WORK REQUEST:
Leaving out pictures, output exactly the lines below from the one that has "Some of the" through the one that has "Usually a blown", and nothing else.

DATA SUPPLIED:
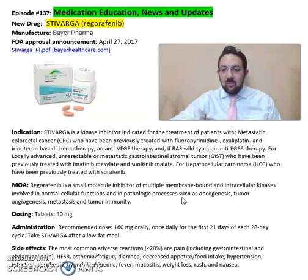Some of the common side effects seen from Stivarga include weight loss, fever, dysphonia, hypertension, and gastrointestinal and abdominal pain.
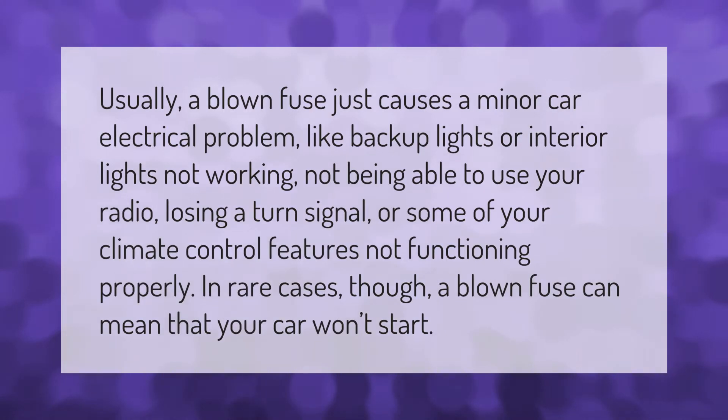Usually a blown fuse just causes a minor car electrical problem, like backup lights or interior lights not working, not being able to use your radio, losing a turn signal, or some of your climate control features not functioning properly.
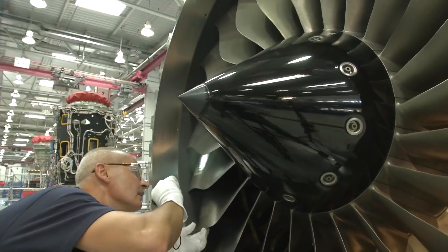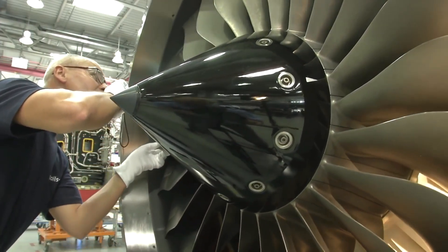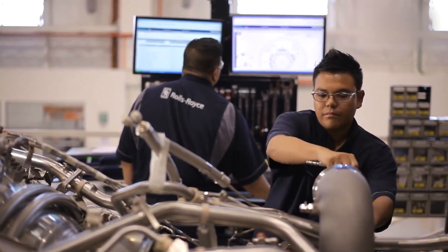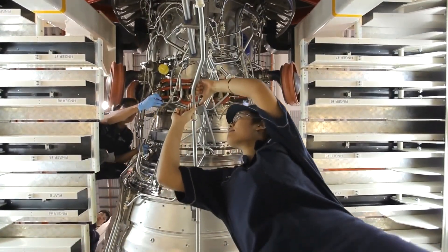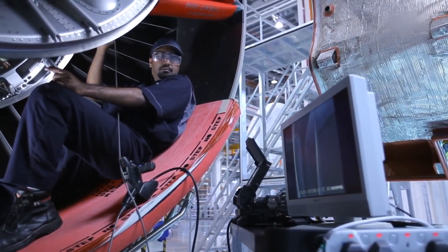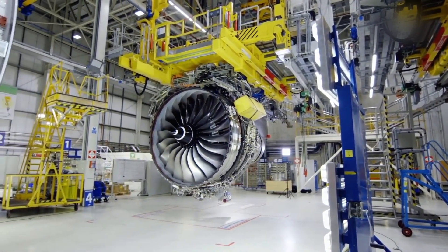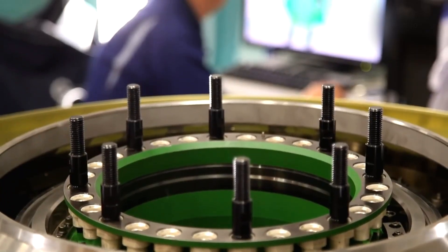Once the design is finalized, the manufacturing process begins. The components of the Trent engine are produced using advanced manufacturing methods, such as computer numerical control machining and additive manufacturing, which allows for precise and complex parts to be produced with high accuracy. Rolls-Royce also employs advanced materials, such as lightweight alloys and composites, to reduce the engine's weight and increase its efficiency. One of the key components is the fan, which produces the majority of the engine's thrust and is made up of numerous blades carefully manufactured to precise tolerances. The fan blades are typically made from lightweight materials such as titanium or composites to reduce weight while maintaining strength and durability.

--

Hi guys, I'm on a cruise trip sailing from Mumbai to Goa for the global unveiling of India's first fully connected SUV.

TASK SOLUTION:
Some of the common side effects seen from Stivarga include weight loss, fever, dysphonia, hypertension, and gastrointestinal and abdominal pain.
Usually a blown fuse just causes a minor car electrical problem, like backup lights or interior lights not working, not being able to use your radio, losing a turn signal, or some of your climate control features not functioning properly.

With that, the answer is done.